(Stored records)
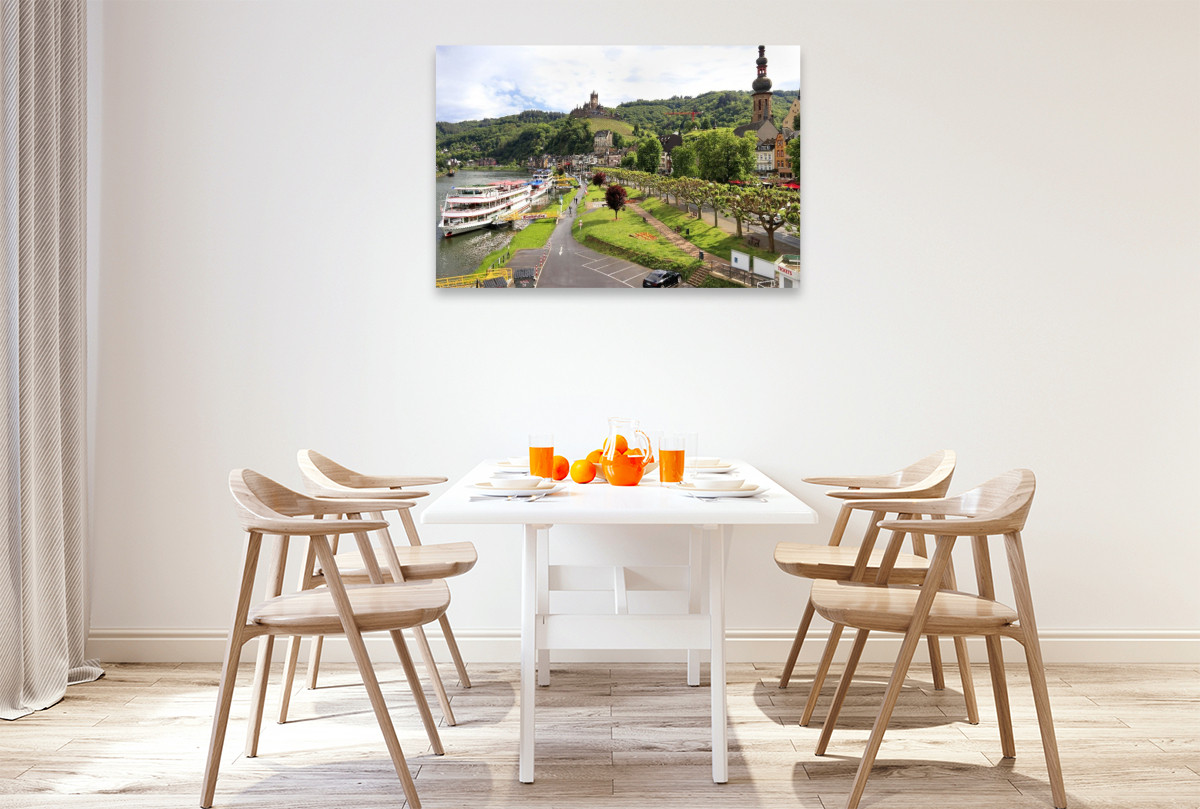 Cochem, Blick von der Skagerak-Brücke bis zur Reichsburg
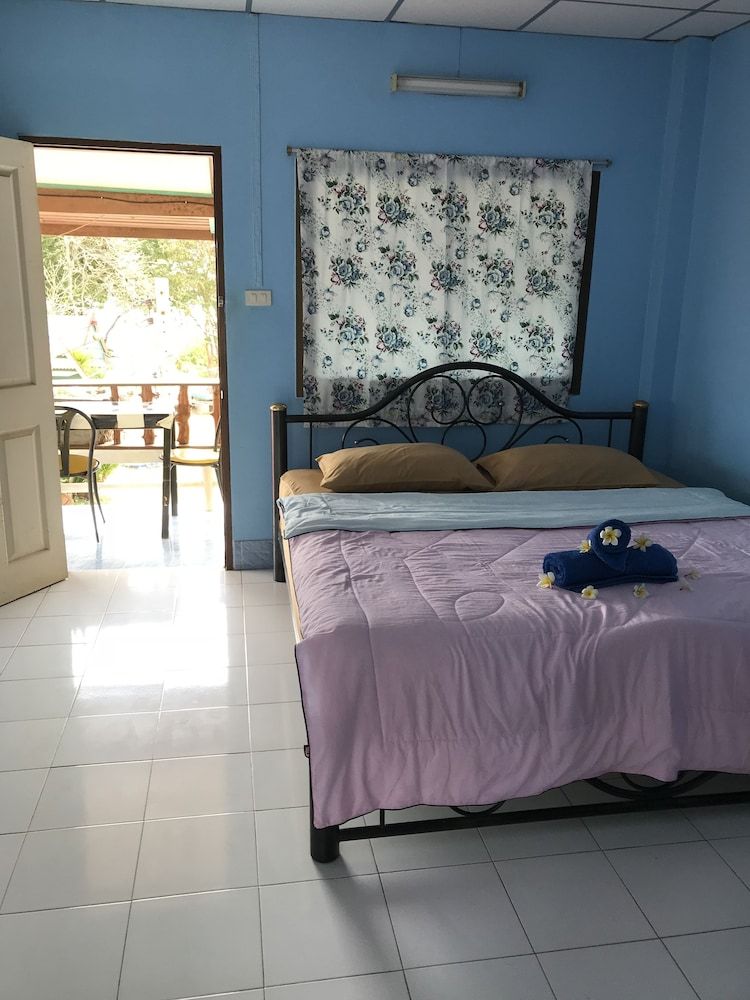 Rimtalay Resort Koh Si Chang Standard Room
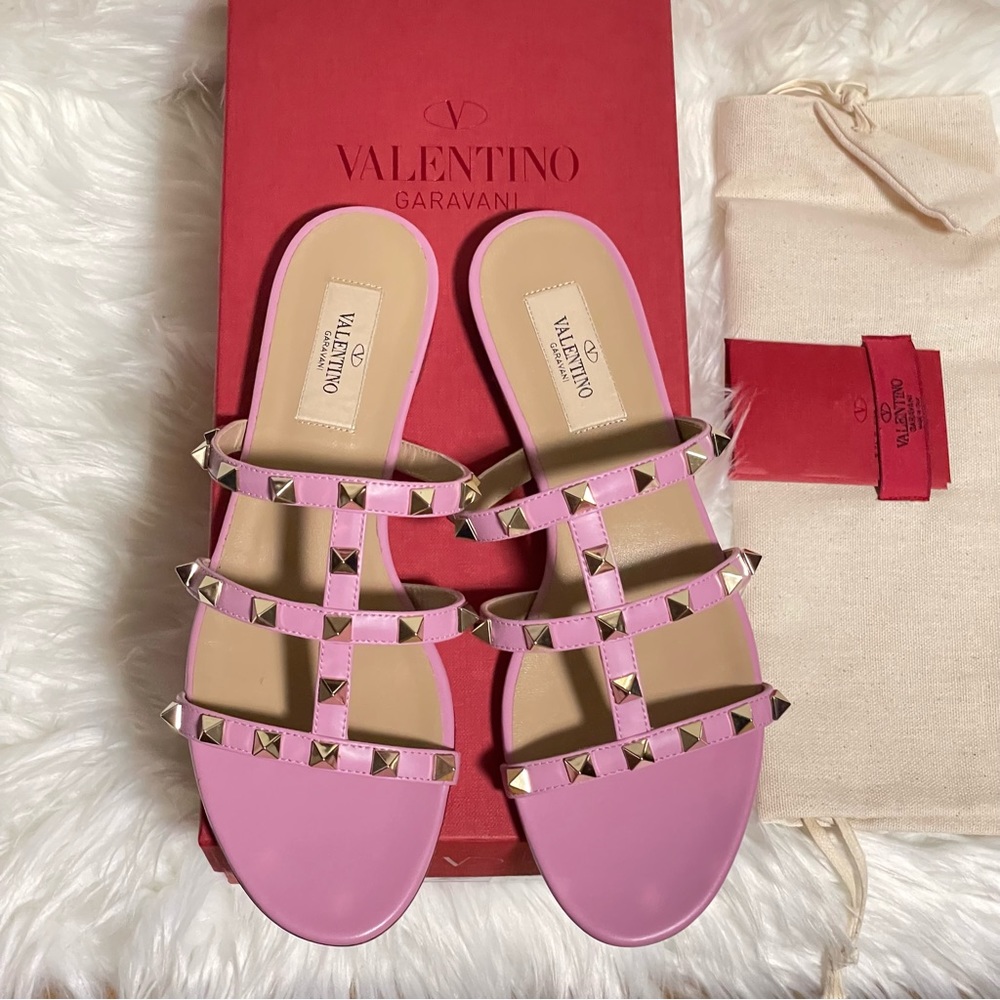 VALENTINO GARAVANI
Rockstud Caged Leather Flat Sandals Pink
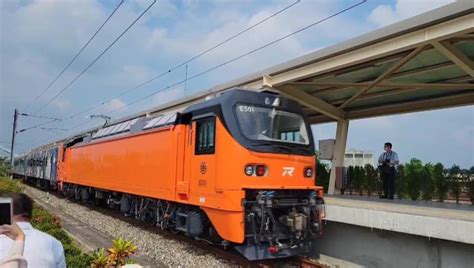 台鐵新車見面會 民眾搶拍e500電車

▶ [Exercise]: Give again, word for word, only the lines from the one with "Rimtalay Resort Koh Si Chang Standard Room" through the last line of the entries, both included; no pictures go in the copy.

▶ [Solution for this exercise]:
 Rimtalay Resort Koh Si Chang Standard Room
 VALENTINO GARAVANI
Rockstud Caged Leather Flat Sandals Pink
 台鐵新車見面會 民眾搶拍e500電車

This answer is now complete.